Multi-architecture parallelism using Kokkos/C++ library
Cerfacs is Qualiopi certified for its training activities
Duration : 2.5 days / 17 hours
Face to face training session
About 15 years ago, Nvidia introduces the CUDA architecture, i.e. the use of graphics of processing units for doing general purpose high performance applicative tasks. Today, it is still a very challenging task to write new applications or simply refactor existing ones with portability and performance in mind, that is for being able to use efficiently available hardware HPC ressources, either multicore CPU (x86, ARM64, …) or GPU (Nvidia /AMD / Intel).
This training aims at providing a dedicated introduction to the open source Kokkos C++ library, which is mainly developped in US (Sandia and OakRidge labs) for about a decade, and funded by the Departement of Energy, under the Exascale Computing Project (ECP). We will present a theoretical and practical introduction to the Kokkos programming model, illustrating the advantages over other alternative shared memory programming model like OpenMP/OpenACC.
The participants of the training are expected to be able to integrate Kokkos library in their own HPC projects.
Objective of the training
Provide a theoretical and practical introduction to Kokkos programming model from abstract concepts, i.e. parallel programming patterns (parallel for, reduce and scan loops), data containers to an overview of the ecosystem (profiling tools, linear algebra, python bindings, …).
On completion of this course, you will be able to :
- build, install and integrate Kokkos into an existing application or write a kokkos application from scratch
- write Kokkos computing kernels, manage memory data container in heterogeneous platform (CPU/GPU).

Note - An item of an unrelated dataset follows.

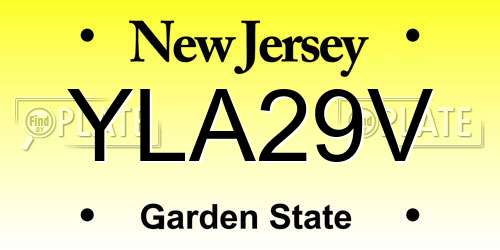YLA29V New Jersey License Plate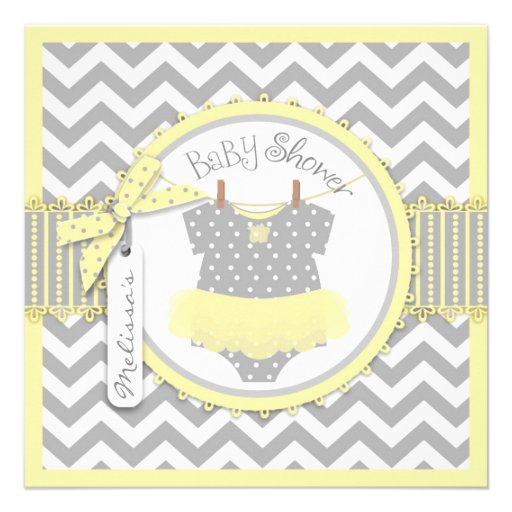 Yellow Tutu and Chevron Print Baby Shower S-YWGY Custom Announcements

- Able to access performance by using profiling tools
- Refactor existing code for performance portability
The training is an alternation of theoretical presentations and practical work. A multiple choice question allows the final evaluation. The training room is equipped with computers, the work can be done in sub-groups of two people.
Referent teacher: Pierre KESTENER
This course is for anyone wishing to learn about writing HPC parallel code for running across a variety of hardware architecture, and achieving performance portability using a modern C++ library (Kokkos).
- Be an employee of a European company; a certificate from the employer is required
- Have at least 5 years of high education or Master 2 trainee
- Knowledge of C++ language
- Some knowledge of parallel programing: multithreading and/or OpenMP basics
- Interest for HPC application development
- The training can take place in French or English depending on the audience, level B2 of the CEFR is required.
In order to verify that the prerequisites are satisfied, the following questionnaires must be completed. You need to get at least 75% of correct answers in order to be authorized to follow this training session. If you don’t succeed it, your subscription will not be validated. You only have two chances to complete it.
Questionnaire : https://forms.gle/HZwCM9Jbt2bM8LT
Deadline for registration: 15 days before the starting date of each training
Before signing up, you may wish to report us any particular constraints (schedules, health, unavailability…) at the following e-mail address : firstname.lastname@example.org
This training course, financed as part of the European EuroCC2 project, is free of charge and reserved for employees of European Union member companies. It normally costs 1360 € excluding VAT.
However, your registration is subject to the payment of a deposit of 200 €. This sum will be returned to you at the end of the course if your participation has been effective. If not, it will be retained as compensation for the prejudice caused by leaving people unnecessarily on the waiting list.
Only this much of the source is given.